The Common Core Debate

By now, educators across the country have been exposed to the concept of “Common Core Standards”, an idea introduced by the U.S. Department of Education that represents a fundamental shift in how America’s primary and secondary education systems function. The standards, as of yet only created for the topics of math and English language literacy, have been adopted in all but 7 states nationwide.

The Common Core Standards set out effective functioning levels for students at various grade levels, allowing teachers to assess their students’ progress based on an established, national set of criteria. The standards use calculated assessment tests and other measurement methods to evaluate whether or not a student has developed sufficient knowledge and skills for their grade level. This set of federal standards has its roots in the No Child Left Behind Act, which required schools to test and report data on student performance. Previous legislation, however, allowed schools and states to continue setting their own curriculums. Now, along with the standards provided by the Common Core, schools will be given a recommended collection of topics and lessons to effectively satisfy the requirements.

As a result of this legislation, teachers have become embroiled in a debate over whether or not the Common Core is the best approach to renewing America’s educational leadership in a global economy. Beyond that, some question the process through which the Standards have been employed and tested. Individuals from both sides of the political spectrum find themselves scattered on this issue, with opponents and advocates on the right and the left.

Here are some of the key points from the Common Core’s defenders – and its critics.

Arguments for the Common Core Standards
Helps America remain competitive on a global scale
The Common Core is “internationally benchmarked”, which means that the learning standards of other countries that the U.S. considers economic competition were taken heavily into account. Proponents of the Standards consider them an essential step in the assurance of American participation in a growing, global economy.

Raises the bar of student performance
State administrators who have adopted the Common Core claim that, while some say that the standards and topics represent a vague, less rigorous version of current curriculums, the plans therein only build on current academic benchmarks.

Creates universal standards
According to the National Center for Education Statistics, roughly 20% of incoming freshmen at four-year colleges and 25% of first-year students at two-year schools need remedial courses in English or math to catch up. Those who argue for the Common Core believe that a broad set of standards will help ensure that students enter college with the appropriate knowledge needed to succeed.
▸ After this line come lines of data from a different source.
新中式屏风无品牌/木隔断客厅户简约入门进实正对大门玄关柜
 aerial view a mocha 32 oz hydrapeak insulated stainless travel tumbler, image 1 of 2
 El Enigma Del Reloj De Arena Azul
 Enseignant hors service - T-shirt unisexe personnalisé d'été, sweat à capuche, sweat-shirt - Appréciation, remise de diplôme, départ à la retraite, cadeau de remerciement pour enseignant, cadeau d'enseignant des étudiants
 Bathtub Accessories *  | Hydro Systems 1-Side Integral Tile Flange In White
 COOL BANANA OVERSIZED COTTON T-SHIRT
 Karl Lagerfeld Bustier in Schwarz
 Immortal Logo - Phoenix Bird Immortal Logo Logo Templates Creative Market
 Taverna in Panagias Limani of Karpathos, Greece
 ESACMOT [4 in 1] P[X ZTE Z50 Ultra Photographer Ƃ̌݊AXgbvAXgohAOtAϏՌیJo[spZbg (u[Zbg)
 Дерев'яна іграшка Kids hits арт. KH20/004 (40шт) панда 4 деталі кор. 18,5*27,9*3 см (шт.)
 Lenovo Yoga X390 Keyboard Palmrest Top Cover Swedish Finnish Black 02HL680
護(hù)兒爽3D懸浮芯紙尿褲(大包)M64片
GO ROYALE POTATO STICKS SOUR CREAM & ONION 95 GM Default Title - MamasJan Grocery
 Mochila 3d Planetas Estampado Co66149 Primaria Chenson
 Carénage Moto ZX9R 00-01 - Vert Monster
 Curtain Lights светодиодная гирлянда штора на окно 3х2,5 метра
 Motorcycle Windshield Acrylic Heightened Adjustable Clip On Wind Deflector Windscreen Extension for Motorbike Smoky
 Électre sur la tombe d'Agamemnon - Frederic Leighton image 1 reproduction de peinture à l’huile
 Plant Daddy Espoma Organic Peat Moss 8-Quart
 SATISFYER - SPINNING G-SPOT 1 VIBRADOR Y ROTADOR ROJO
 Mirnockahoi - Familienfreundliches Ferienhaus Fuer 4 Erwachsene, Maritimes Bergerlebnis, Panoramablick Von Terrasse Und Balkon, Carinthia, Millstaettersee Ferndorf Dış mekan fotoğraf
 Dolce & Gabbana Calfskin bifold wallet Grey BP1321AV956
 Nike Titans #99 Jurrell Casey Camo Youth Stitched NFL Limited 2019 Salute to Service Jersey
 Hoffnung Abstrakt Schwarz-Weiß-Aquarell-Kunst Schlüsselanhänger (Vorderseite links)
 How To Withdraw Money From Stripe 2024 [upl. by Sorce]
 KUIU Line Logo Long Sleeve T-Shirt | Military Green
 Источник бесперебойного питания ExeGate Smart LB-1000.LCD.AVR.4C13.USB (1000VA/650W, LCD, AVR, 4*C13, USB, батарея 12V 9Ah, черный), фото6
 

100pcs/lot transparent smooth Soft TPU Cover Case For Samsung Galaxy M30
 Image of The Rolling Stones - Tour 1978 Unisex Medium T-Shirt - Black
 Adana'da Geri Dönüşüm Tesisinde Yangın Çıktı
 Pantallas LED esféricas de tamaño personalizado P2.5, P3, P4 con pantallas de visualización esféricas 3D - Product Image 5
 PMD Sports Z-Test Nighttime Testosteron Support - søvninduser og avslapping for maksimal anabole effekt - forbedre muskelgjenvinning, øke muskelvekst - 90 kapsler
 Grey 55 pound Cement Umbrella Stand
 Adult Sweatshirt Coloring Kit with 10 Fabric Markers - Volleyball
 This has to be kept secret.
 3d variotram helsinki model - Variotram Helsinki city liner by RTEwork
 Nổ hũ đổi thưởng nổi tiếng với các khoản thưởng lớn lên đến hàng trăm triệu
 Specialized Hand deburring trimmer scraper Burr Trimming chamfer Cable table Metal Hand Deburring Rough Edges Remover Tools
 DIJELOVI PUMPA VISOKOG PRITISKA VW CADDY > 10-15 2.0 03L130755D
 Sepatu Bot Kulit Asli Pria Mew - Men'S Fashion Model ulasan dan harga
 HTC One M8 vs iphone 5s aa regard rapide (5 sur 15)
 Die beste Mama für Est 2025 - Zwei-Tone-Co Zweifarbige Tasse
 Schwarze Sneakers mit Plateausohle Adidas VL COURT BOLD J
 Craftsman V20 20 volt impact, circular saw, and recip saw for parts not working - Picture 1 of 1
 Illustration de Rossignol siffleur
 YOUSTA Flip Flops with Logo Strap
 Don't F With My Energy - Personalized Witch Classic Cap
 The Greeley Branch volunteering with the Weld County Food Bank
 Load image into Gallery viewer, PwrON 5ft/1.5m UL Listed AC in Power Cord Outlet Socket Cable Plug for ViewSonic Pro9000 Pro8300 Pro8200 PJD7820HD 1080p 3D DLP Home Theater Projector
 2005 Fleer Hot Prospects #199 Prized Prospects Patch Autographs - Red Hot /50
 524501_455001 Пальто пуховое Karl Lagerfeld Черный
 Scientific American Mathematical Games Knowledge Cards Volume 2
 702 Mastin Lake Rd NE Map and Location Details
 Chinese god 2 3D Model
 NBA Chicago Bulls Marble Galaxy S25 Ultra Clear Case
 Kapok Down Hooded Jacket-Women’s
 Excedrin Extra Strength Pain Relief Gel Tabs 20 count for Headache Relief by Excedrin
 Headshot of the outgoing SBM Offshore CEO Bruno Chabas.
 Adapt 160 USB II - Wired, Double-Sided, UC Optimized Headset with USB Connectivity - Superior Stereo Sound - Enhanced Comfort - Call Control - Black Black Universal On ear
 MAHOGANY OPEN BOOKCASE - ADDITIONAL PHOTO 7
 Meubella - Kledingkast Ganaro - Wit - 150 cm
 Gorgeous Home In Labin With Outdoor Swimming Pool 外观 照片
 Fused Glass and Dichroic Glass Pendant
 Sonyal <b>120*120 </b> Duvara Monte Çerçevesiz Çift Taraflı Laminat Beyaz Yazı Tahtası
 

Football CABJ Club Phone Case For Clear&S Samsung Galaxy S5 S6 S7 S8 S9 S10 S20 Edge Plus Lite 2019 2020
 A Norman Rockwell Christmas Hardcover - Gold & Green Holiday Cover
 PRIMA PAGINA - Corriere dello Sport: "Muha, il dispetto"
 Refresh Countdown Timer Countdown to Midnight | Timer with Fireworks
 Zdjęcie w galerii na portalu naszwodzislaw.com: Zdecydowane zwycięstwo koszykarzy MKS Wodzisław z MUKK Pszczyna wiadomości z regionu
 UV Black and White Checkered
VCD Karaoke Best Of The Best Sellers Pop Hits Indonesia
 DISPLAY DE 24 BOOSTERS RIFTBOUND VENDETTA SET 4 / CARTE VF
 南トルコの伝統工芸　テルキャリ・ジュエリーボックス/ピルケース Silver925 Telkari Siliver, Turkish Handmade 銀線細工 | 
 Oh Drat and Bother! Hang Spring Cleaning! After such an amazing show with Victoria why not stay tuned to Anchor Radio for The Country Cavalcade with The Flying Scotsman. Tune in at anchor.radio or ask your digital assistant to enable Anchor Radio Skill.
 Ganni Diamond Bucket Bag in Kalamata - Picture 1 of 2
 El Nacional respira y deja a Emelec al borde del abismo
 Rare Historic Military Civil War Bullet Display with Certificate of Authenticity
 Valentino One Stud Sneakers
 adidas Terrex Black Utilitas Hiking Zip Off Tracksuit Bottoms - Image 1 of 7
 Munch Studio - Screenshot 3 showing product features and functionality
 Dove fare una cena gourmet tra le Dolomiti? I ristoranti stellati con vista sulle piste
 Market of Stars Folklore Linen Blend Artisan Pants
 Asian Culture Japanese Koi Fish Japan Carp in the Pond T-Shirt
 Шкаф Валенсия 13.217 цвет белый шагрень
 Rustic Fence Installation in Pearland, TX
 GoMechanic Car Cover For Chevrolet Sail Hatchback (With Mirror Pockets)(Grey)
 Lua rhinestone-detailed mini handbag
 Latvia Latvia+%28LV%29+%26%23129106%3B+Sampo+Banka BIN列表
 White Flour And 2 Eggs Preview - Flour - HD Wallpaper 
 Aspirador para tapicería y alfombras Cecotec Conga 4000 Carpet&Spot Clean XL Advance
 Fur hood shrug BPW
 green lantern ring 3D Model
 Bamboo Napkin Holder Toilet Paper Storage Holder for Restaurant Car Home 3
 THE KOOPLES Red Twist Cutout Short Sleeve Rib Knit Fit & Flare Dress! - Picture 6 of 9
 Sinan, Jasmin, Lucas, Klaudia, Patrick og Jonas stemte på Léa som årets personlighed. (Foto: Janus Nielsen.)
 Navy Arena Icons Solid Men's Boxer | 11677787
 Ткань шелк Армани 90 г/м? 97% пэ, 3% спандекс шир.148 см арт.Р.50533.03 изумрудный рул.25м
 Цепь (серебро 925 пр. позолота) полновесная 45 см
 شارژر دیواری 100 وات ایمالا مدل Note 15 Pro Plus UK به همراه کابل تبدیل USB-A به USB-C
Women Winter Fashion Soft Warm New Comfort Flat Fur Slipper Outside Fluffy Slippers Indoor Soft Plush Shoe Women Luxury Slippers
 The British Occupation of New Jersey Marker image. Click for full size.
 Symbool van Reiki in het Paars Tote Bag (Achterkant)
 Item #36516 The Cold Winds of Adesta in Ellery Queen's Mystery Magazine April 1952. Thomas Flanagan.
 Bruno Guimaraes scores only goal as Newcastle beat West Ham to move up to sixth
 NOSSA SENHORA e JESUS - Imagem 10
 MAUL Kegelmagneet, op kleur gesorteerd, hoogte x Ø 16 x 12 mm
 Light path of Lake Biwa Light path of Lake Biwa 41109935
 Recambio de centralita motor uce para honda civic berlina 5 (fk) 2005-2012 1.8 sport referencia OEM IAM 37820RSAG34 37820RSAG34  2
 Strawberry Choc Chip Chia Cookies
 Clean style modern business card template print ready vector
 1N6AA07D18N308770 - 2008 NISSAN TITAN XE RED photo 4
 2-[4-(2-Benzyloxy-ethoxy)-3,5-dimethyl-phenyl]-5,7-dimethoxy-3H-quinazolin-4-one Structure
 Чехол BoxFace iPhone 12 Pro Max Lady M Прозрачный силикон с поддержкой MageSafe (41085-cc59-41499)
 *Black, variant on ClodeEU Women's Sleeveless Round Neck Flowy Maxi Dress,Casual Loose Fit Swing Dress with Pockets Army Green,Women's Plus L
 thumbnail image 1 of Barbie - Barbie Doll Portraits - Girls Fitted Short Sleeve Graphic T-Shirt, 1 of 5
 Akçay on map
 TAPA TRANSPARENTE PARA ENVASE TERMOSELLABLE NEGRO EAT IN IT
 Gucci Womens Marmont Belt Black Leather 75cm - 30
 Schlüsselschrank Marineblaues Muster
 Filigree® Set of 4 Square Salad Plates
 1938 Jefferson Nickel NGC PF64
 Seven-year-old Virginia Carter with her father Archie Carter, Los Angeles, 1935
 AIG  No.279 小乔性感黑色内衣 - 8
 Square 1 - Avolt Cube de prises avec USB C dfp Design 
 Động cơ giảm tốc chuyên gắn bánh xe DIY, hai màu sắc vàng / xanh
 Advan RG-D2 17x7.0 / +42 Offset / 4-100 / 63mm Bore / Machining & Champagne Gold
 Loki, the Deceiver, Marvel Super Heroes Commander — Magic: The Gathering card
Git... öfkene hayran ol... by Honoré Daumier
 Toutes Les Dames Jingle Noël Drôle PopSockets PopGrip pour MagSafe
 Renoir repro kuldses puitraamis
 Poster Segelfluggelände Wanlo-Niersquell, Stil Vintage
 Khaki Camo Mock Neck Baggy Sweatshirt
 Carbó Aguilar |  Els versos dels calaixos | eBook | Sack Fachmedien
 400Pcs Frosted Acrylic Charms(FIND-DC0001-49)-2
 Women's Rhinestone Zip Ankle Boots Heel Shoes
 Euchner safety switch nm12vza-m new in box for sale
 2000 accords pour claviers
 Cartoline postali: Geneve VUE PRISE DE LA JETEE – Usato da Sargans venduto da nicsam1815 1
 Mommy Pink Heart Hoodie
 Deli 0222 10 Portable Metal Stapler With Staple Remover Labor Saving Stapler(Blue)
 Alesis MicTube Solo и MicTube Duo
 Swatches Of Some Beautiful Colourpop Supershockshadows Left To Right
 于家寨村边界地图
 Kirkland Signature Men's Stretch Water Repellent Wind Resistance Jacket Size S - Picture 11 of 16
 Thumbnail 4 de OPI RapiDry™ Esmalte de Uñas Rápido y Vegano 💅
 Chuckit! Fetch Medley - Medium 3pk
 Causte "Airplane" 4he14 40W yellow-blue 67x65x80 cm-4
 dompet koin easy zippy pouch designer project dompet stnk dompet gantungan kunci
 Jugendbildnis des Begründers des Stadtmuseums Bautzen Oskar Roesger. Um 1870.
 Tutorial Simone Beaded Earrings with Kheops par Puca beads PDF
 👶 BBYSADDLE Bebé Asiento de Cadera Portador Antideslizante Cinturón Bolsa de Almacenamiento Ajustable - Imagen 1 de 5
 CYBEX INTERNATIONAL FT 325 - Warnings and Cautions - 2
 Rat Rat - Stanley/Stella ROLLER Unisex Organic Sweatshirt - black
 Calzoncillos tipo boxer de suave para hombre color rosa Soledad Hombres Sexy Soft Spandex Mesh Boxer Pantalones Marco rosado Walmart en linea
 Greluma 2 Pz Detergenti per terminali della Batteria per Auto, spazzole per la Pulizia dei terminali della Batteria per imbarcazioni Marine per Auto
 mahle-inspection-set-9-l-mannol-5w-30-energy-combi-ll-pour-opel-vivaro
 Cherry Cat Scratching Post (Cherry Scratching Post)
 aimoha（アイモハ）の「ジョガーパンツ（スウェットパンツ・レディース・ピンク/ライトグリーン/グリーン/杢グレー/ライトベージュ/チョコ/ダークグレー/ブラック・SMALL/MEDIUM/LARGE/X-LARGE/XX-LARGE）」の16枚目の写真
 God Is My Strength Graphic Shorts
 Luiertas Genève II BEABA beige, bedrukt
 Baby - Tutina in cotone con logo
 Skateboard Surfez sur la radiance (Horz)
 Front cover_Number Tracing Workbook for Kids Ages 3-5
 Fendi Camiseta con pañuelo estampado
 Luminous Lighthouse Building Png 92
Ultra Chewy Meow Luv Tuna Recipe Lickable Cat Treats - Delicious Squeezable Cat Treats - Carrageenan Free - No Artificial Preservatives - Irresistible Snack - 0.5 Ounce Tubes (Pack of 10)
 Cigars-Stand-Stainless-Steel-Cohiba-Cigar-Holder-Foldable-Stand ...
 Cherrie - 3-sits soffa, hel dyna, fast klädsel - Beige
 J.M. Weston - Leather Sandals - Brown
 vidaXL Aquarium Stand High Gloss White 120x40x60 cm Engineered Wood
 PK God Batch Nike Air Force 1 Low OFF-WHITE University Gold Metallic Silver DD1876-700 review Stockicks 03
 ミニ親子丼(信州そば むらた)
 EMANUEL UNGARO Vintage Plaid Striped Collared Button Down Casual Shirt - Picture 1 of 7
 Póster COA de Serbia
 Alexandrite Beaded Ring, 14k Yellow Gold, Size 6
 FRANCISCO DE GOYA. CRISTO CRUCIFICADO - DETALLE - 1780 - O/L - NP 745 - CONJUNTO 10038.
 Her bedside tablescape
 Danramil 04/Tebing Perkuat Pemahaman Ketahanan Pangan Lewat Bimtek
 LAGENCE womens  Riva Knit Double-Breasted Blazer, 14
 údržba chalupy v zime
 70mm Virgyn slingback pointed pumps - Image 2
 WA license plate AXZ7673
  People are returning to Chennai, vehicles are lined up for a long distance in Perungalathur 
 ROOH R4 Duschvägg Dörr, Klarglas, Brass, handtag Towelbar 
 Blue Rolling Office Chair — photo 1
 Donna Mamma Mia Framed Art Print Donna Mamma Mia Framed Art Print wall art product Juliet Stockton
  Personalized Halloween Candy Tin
Helps identify and improve underperforming districts
In its own breakdown of the pros and cons of the Common Core, Parents for Public Schools, a national group dedicated to close communication between parents and educators, included the improved professional development opportunities for teachers and the academic community as a whole as a definite advantage of the legislation. With teachers teaching to a common set of standards and reporting their results, defendants of the Common Core suggest it will be much simpler to assess educator performance.

Arguments Against the Common Core
Incurs cost on schools
Some states have already opted out of using the various forms of online assessment tests due to the cost of the exams. Georgia, for example, spent $27 million as a state on annual testing for their kindergarten students. The Common Core assessments would’ve added an additional $56 million to that cost.

Over-standardizes education
One of the most significant concerns communicated by those who disapprove of the Common Core, this concern stems mostly from a consistent focus on testing scores as the measurement of student success. Some have claimed that this will create a funnel directing students and the educational marketplace towards “career and college readiness” as opposed to human development, sacrificing student engagement for mechanical skills and recitation.

Lacks transparency and piloting
The process through which the Common Core came into being has come under a great deal of scrutiny, as some feel as if the legislation came largely out of nowhere. Many have expressed concern, as well, at the relatively untested nature of the curriculums and topics driven by the standards.

Allows for “intrusive” government oversight
Diane Ravitch, former U.S. Assistant Secretary of Education, among others, has expressed concerns regarding the information gathered through the program and what exactly the federal government is going to use it for. Some critics see this as a potentially dangerous attempt at collecting information on teachers and students nationwide.

Conclusion
While polling has determined that educators largely support the Common Core, the debate rages on in schools across the country. As the initiative is still in its early stages, it’s difficult to say whether or not the program will have a positive impact on student development. Experts and leaders in education have been seen arguing both sides of the issue. Either way, it will take some time before the results of the measure are clear. Until then, it’s likely the debate will continue.